## Dataset section
++++++
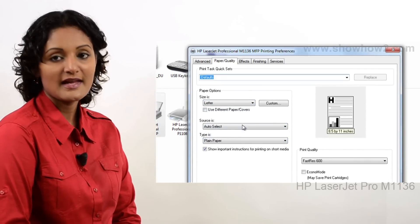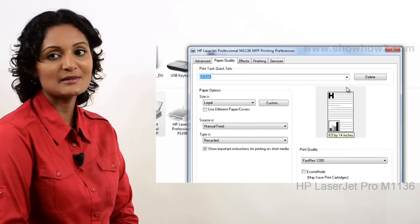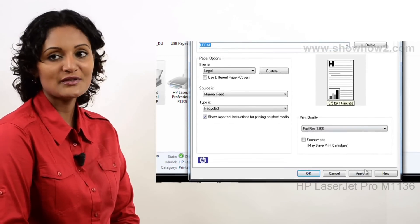In this demo, we show how to set up printing on a legal paper and with manually feeding paper.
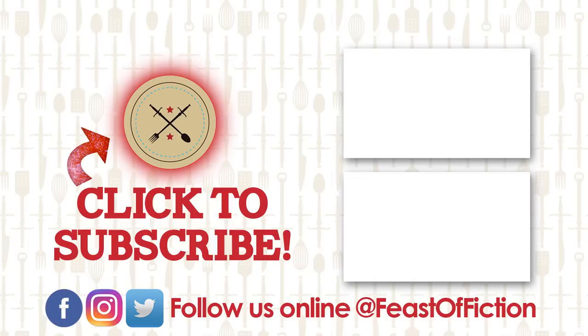Thank you guys so much as always. Leave a comment below letting us know what you want to see us make next. Bye bye! Peace.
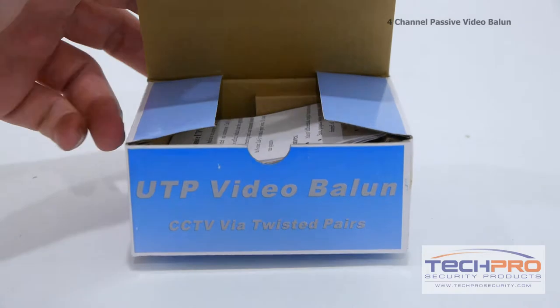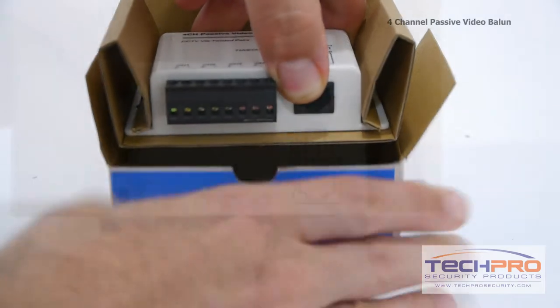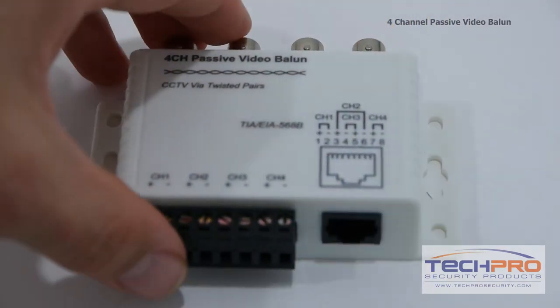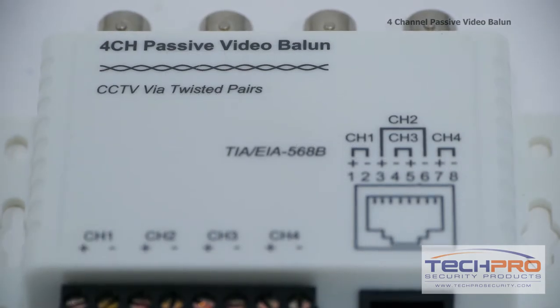Our 4-channel UTP transceiver has 4 BNC video connections and one RJ45 connection. You can connect the pairs individually on the terminals using a standard RJ45 jack. This device will convert up to 4 cameras using BNC connectors to a single CAT5 for distances up to 1200 feet.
++++++
## Your task
Apart from the pictures, restate all of the listing above exactly.

## Answer to this exercise
In this demo, we show how to set up printing on a legal paper and with manually feeding paper.
Thank you guys so much as always. Leave a comment below letting us know what you want to see us make next. Bye bye! Peace.
Our 4-channel UTP transceiver has 4 BNC video connections and one RJ45 connection. You can connect the pairs individually on the terminals using a standard RJ45 jack. This device will convert up to 4 cameras using BNC connectors to a single CAT5 for distances up to 1200 feet.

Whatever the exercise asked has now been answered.